PROMPT. With pictures left out, write out exactly every line from the start of the data through the one that contains "Wander Free and".

(Image-text web data)
◇ ◇ ◇ ◇ ◇ ◇ ◇

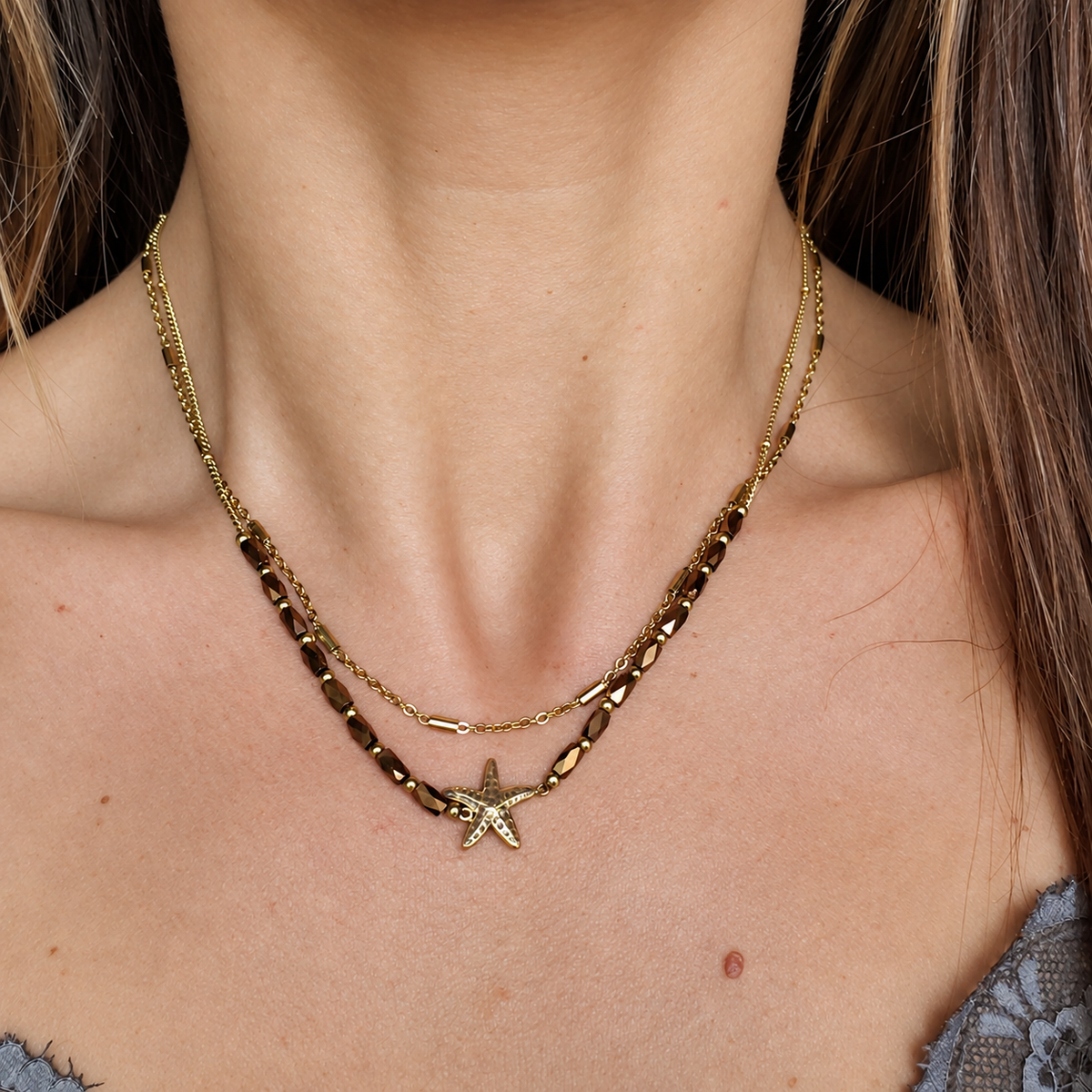 Double collier multi étoile de mer et perles à facettes - doré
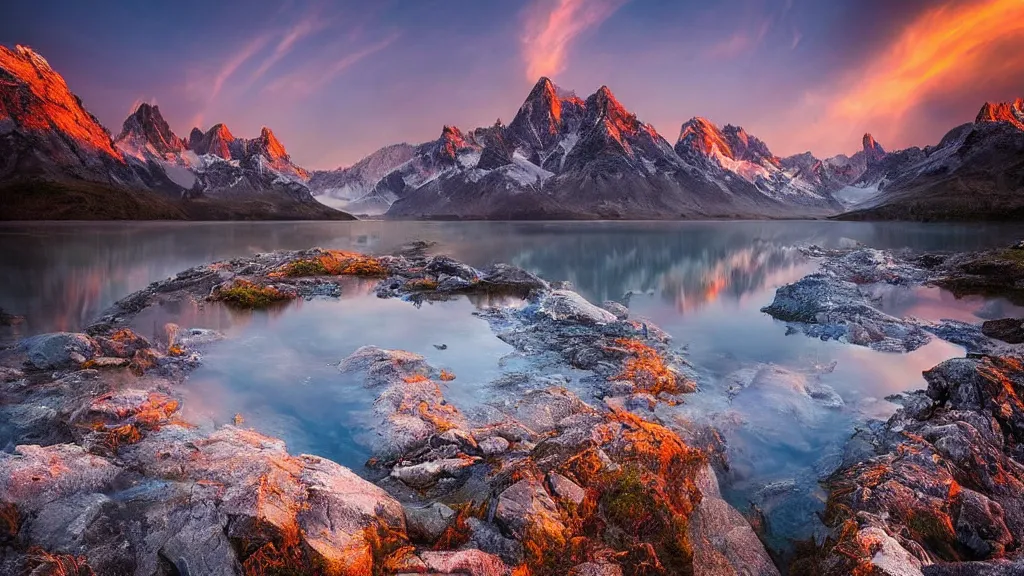 Image similar to amazing landscape photo of mountains with lake in sunset by marc adamus, beautiful dramatic lighting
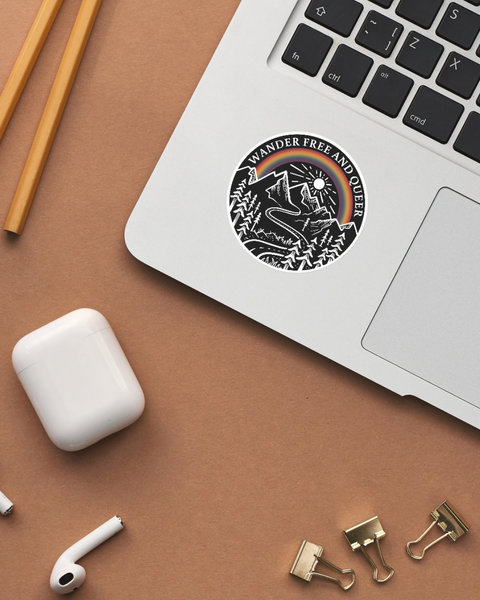 Wander Free and Queer Vinyl Sticker LGBTQ Pride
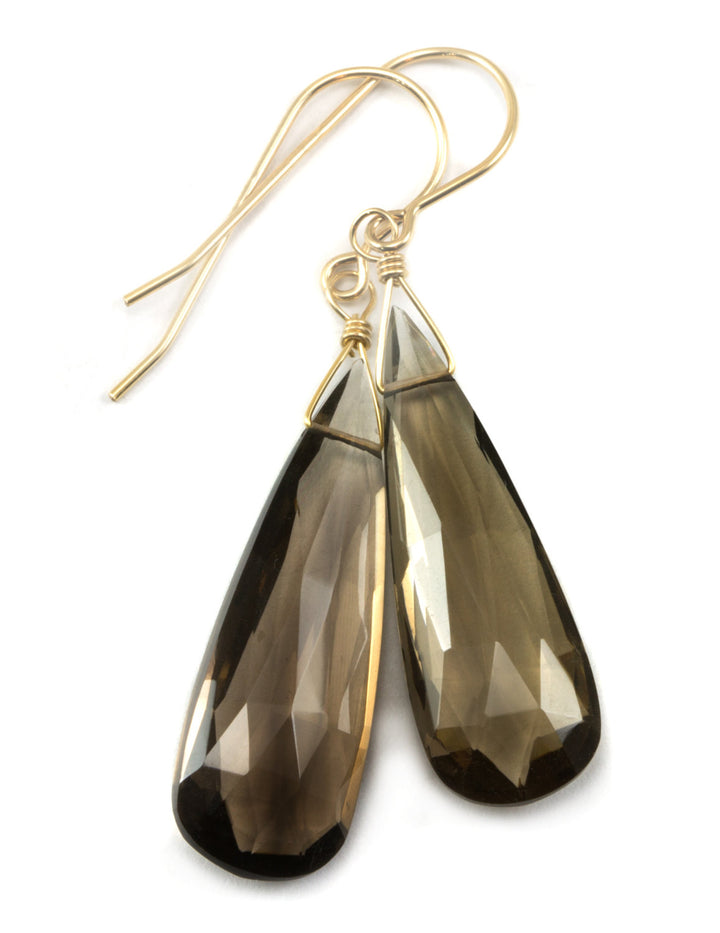Smoky Quartz Earrings Faceted AAA Large Long Briolette Smokey Sterling Silver or 14k solid Gold or Filled Rich Smoky simple drops Spyglass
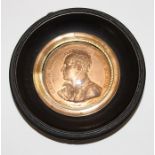 Lord Byron (1788-1824), framed and glazed bronze impression of a memorial medal, 1824, by Faulkner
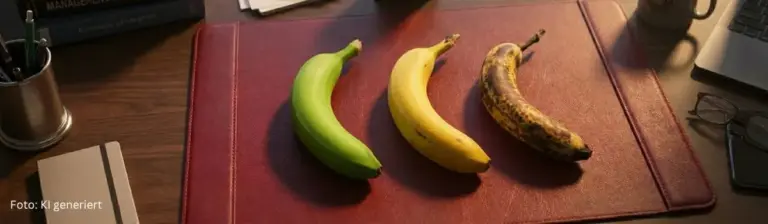 3Bananen in unterschiedlichen Reifegraden auf einer roten Schreibtischunterlage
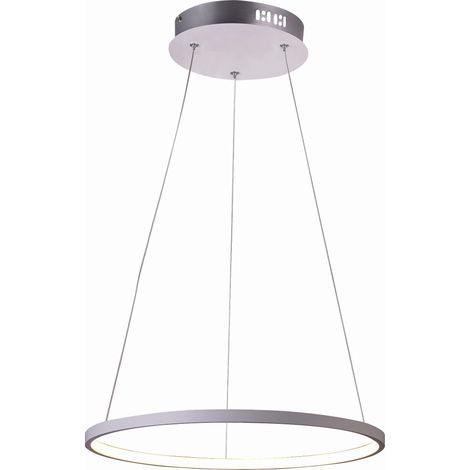 Suspension LED 25W Candellux LUNE Ø40 cm blanche alu (1/2)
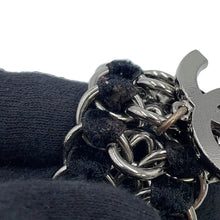将图像加载到图库查看器中，CHANEL CC Logo ChainBracelet Black/Silver Metal Velvet Rhinestone Faux Pearl
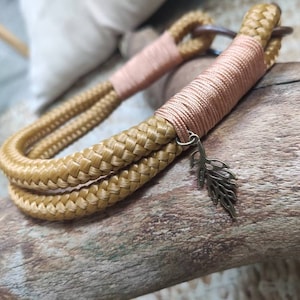 Rope dog leash collar set in mustard yellow with rust red and beige | SET AUTUMN HAPPINESS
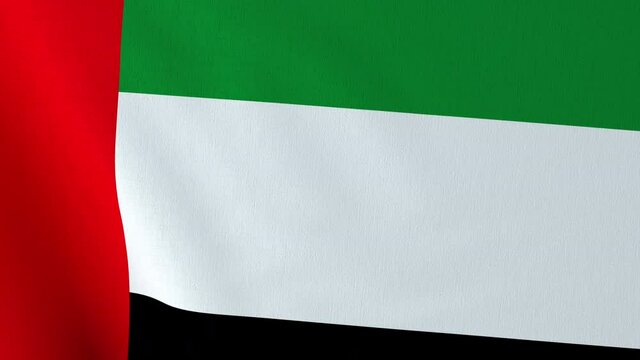 Waving United Arab Emirates flag. UAE waved flag close up fabric texture. Emirates background. National sign of UAE. 3d render 4k looped animation.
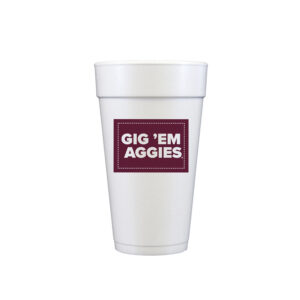 Texas A&M University Gig 'Em Aggies 20 oz Styrofoam Cup 10 Pack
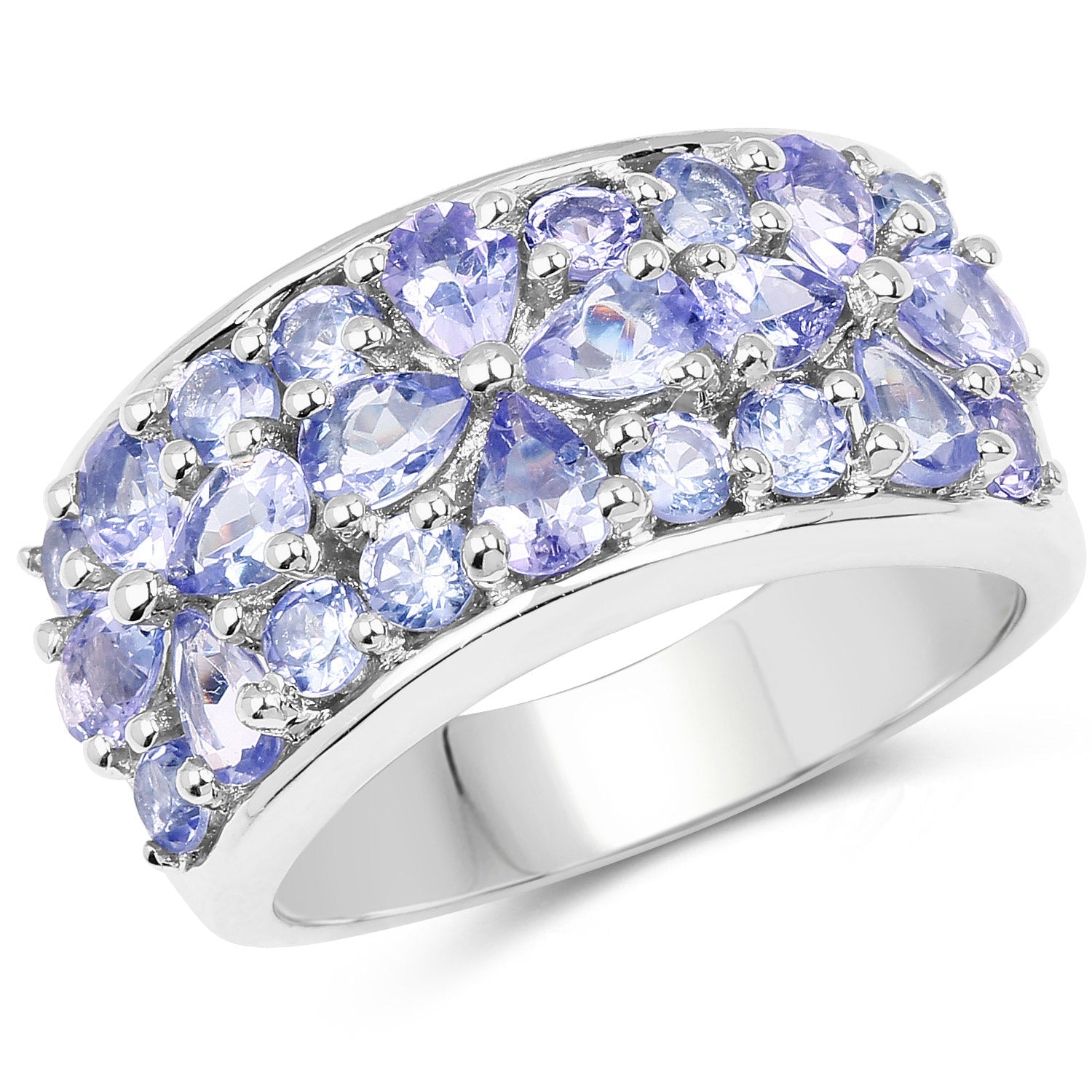 2.52 Carat Genuine Tanzanite .925 Sterling Silver Ring on sale at MyriadMart
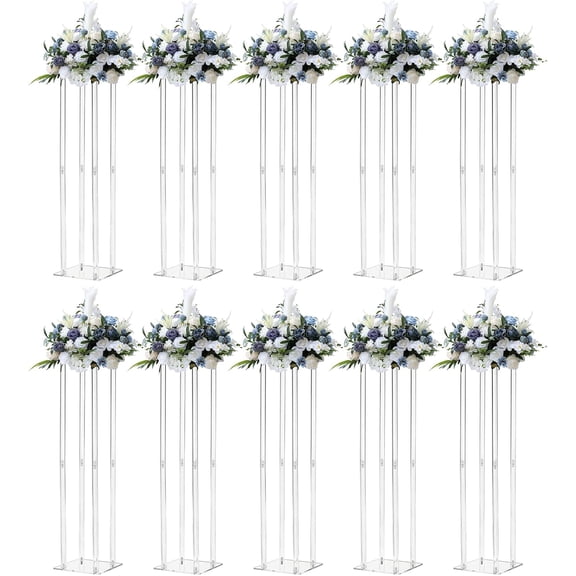 10 Pcs Acrylic Vases Wedding Centerpieces for Tables,Clear Column Flower Stand Flower Stand Acrylic Geometric Wedding Vases for Party Home Decor 3188''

◇ ◇ ◇ ◇ ◇ ◇ ◇

OUTPUT FOR THIS TASK.
 Double collier multi étoile de mer et perles à facettes - doré
 Image similar to amazing landscape photo of mountains with lake in sunset by marc adamus, beautiful dramatic lighting
 Wander Free and Queer Vinyl Sticker LGBTQ Pride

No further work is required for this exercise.